WHAT YOU ARE ASKED TO DO: Your task is to transcribe the records exactly, skipping every image.
[EXERCISE INPUTS]
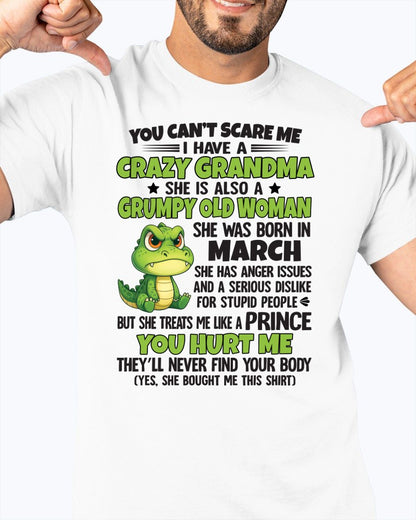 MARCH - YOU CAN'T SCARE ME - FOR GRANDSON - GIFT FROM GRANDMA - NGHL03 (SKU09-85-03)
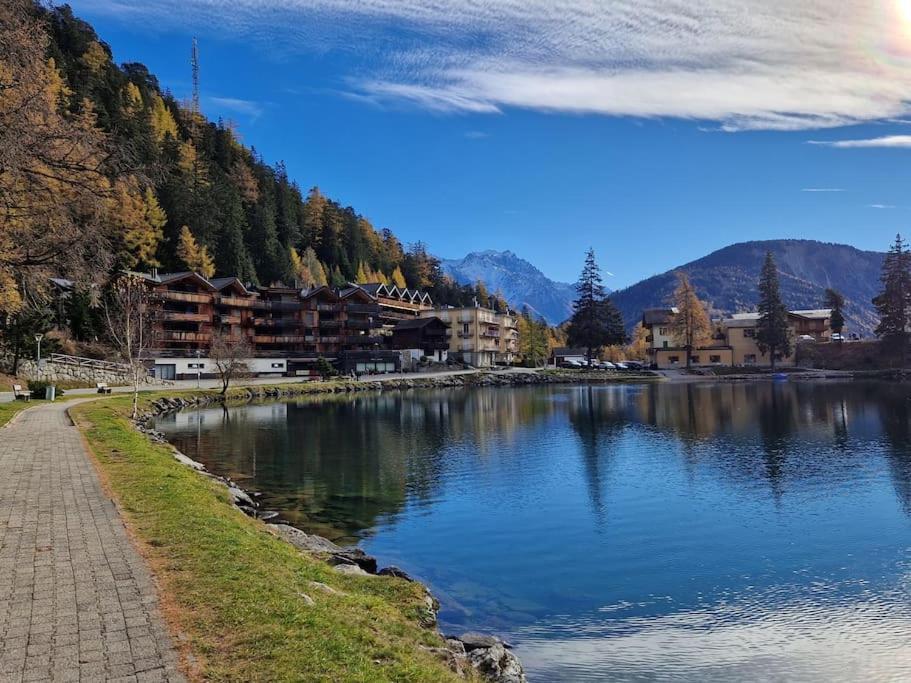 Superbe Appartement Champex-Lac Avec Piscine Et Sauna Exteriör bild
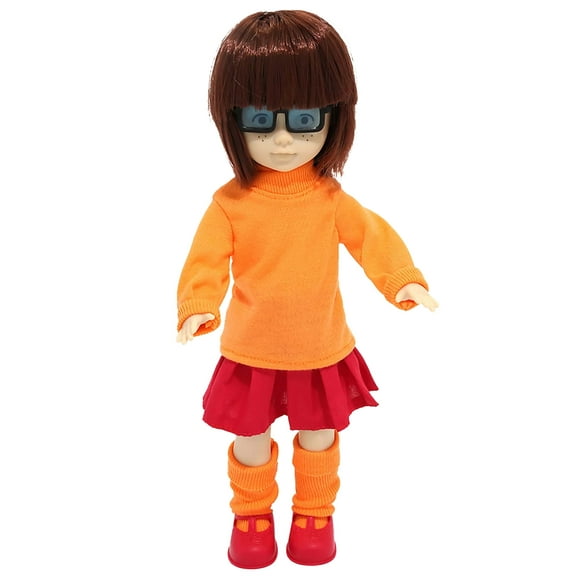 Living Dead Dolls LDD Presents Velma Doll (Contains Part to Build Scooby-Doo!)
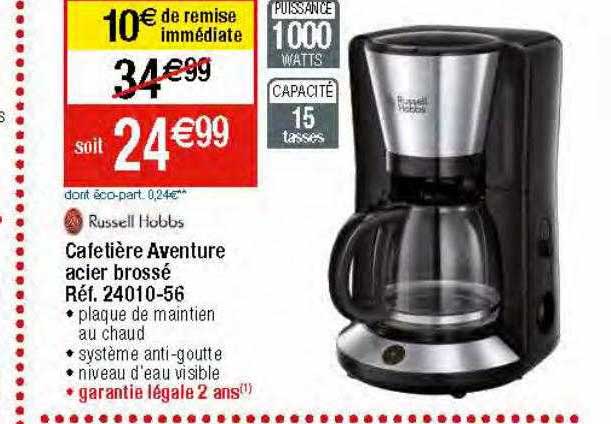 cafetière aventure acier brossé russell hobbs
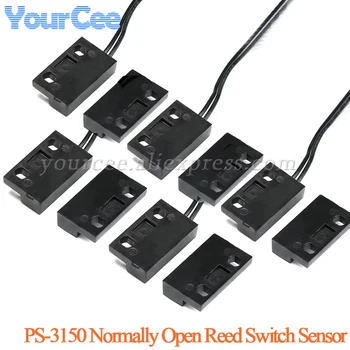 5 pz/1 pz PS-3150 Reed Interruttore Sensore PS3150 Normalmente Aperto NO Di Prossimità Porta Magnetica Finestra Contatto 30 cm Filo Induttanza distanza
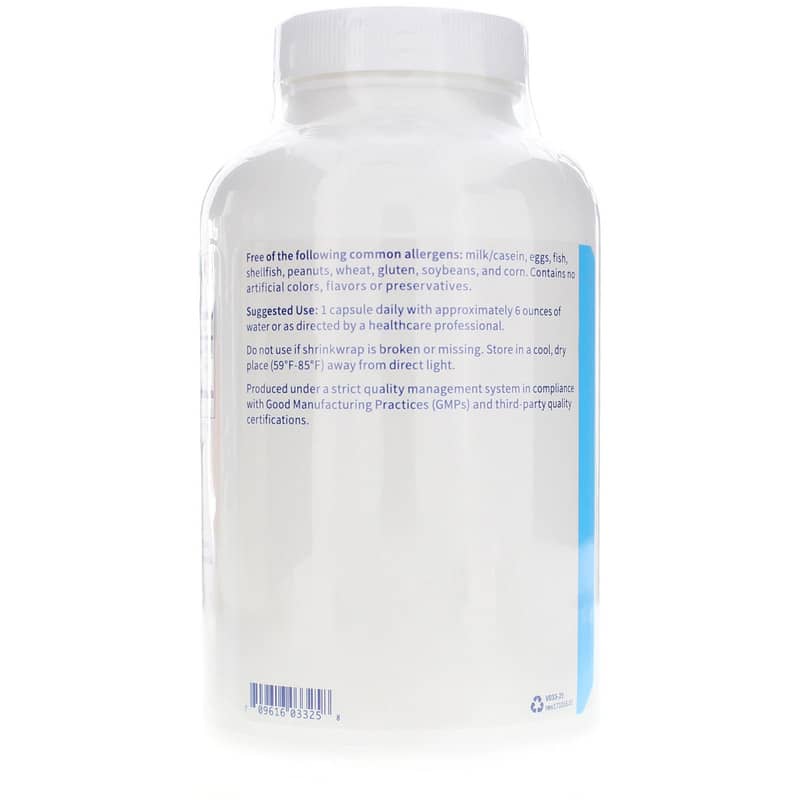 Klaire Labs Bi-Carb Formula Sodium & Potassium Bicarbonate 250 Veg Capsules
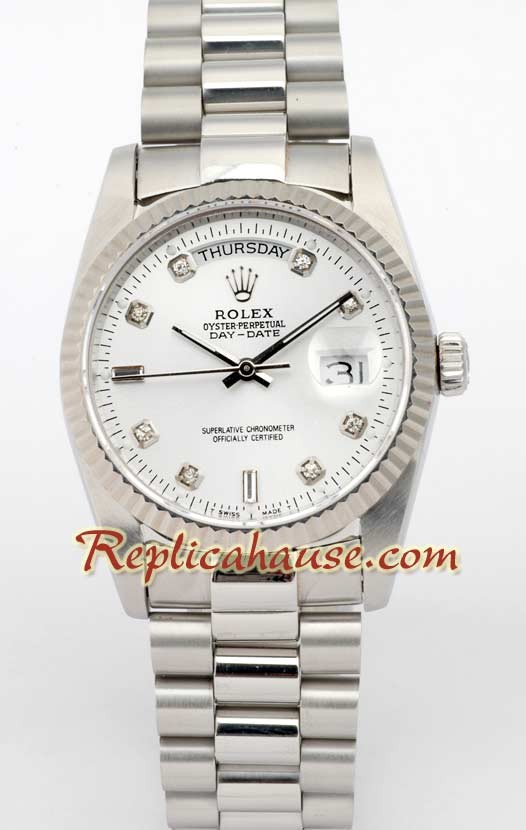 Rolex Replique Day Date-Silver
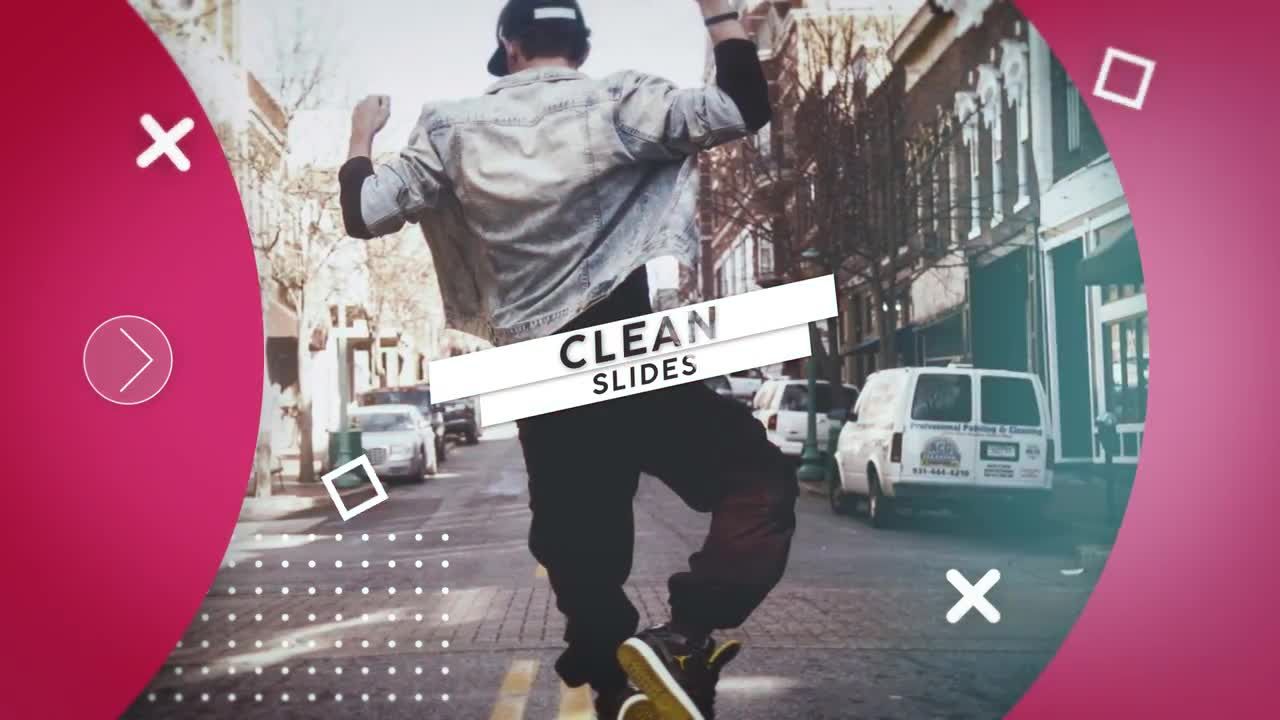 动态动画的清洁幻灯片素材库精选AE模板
[/EXERCISE INPUTS]
RESPONSE TO THIS TASK:
 MARCH - YOU CAN'T SCARE ME - FOR GRANDSON - GIFT FROM GRANDMA - NGHL03 (SKU09-85-03)
 Superbe Appartement Champex-Lac Avec Piscine Et Sauna Exteriör bild
 Living Dead Dolls LDD Presents Velma Doll (Contains Part to Build Scooby-Doo!)
 cafetière aventure acier brossé russell hobbs
 5 pz/1 pz PS-3150 Reed Interruttore Sensore PS3150 Normalmente Aperto NO Di Prossimità Porta Magnetica Finestra Contatto 30 cm Filo Induttanza distanza
 Klaire Labs Bi-Carb Formula Sodium & Potassium Bicarbonate 250 Veg Capsules
 Rolex Replique Day Date-Silver
 动态动画的清洁幻灯片素材库精选AE模板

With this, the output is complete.